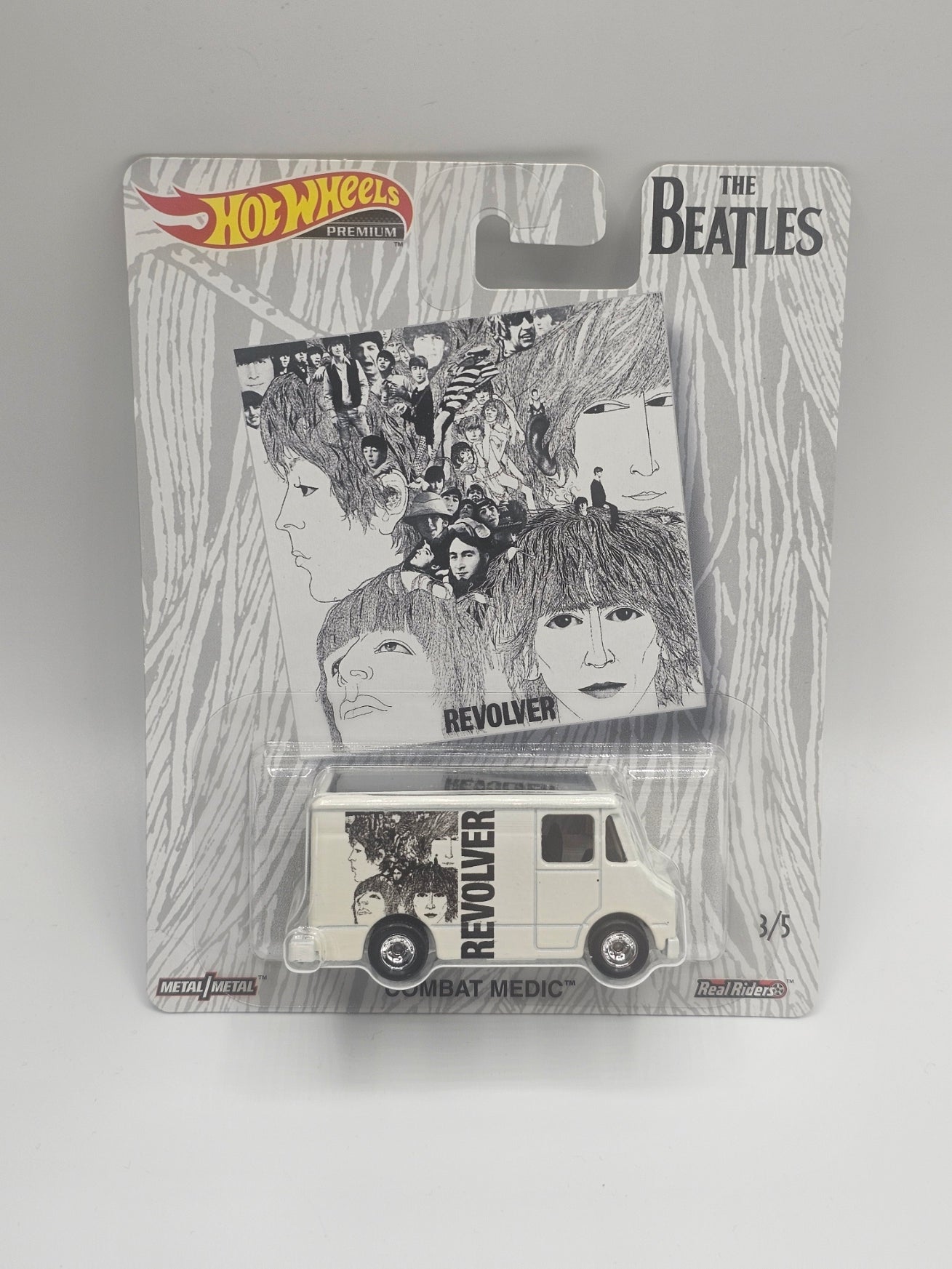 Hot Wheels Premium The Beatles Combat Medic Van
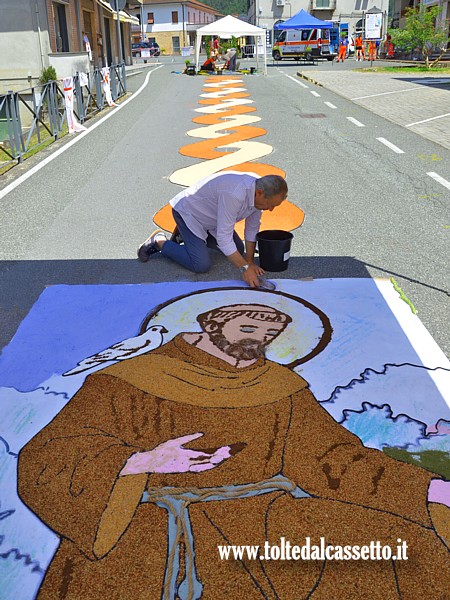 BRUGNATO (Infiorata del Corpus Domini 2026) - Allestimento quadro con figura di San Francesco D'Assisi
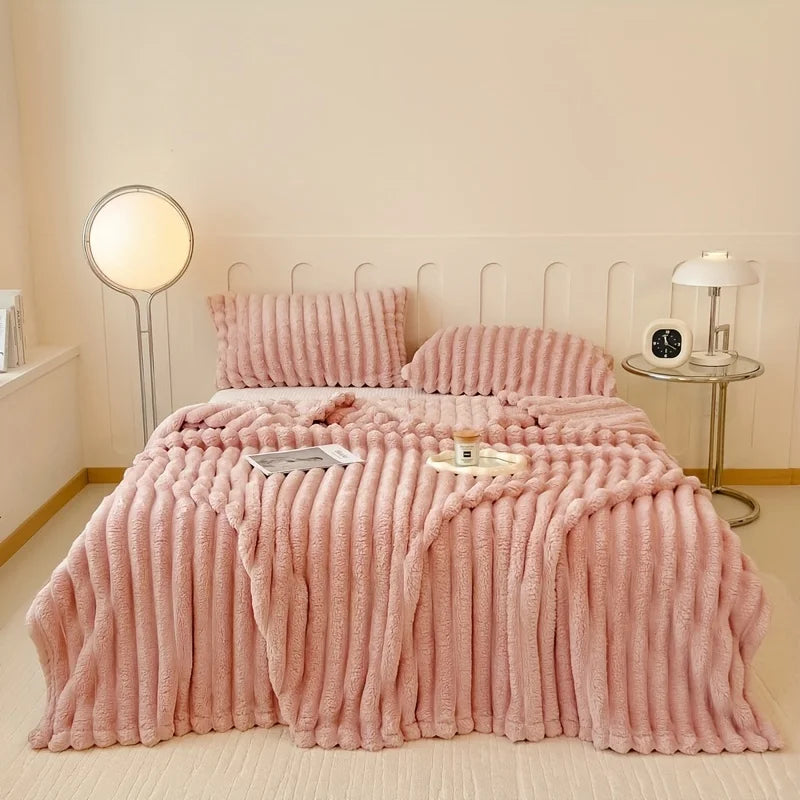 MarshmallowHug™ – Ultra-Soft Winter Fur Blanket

———

How to complete this task:
Word for word, quote the full listing, omitting every picture.

Finished exercise:
 Hot Wheels Premium The Beatles Combat Medic Van
 BRUGNATO (Infiorata del Corpus Domini 2026) - Allestimento quadro con figura di San Francesco D'Assisi
 MarshmallowHug™ – Ultra-Soft Winter Fur Blanket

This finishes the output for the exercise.